» **GIVEN DATA**
-------

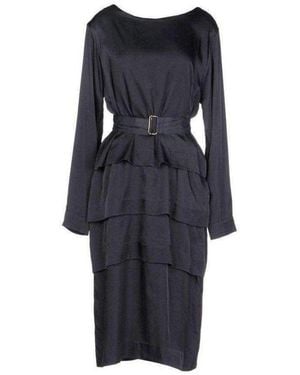 Dries Van Noten Navy Cotton Blend Layered Dress - Blue
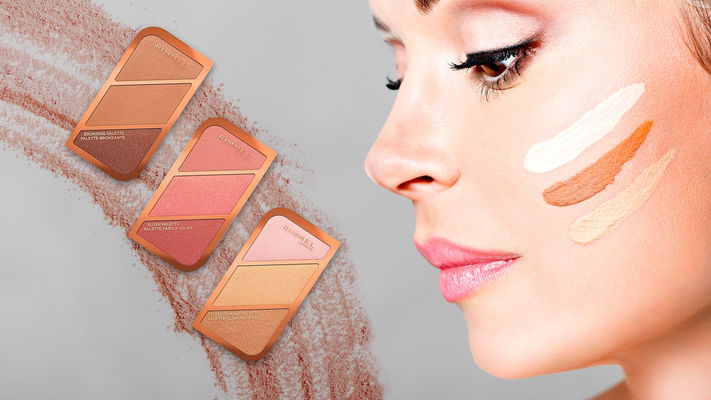 Palette contouring in primo piano e volto donna accanto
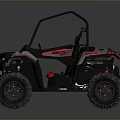 Black All Terrain Vehicle With Red Seats Roll Cage And Large Off Road Tires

-------

» **ASSIGNMENT**
Omit the pictures, then print the rest of the listing above exactly.

» **SOLUTION BELOW**
 Dries Van Noten Navy Cotton Blend Layered Dress - Blue
 Palette contouring in primo piano e volto donna accanto
 Black All Terrain Vehicle With Red Seats Roll Cage And Large Off Road Tires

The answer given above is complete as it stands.